Raw data:
========================

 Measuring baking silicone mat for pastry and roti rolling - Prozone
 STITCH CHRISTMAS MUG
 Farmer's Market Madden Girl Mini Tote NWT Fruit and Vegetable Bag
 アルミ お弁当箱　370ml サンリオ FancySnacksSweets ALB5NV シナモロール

========================

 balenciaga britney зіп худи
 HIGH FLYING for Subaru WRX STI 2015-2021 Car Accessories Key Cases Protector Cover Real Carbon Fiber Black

========================

From the listing above, output exactly the run of lines that starts with the line containing "Measuring baking silicone" and ends with the line containing "アルミ お弁当箱　370ml サンリオ".

Written response:
 Measuring baking silicone mat for pastry and roti rolling - Prozone
 STITCH CHRISTMAS MUG
 Farmer's Market Madden Girl Mini Tote NWT Fruit and Vegetable Bag
 アルミ お弁当箱　370ml サンリオ FancySnacksSweets ALB5NV シナモロール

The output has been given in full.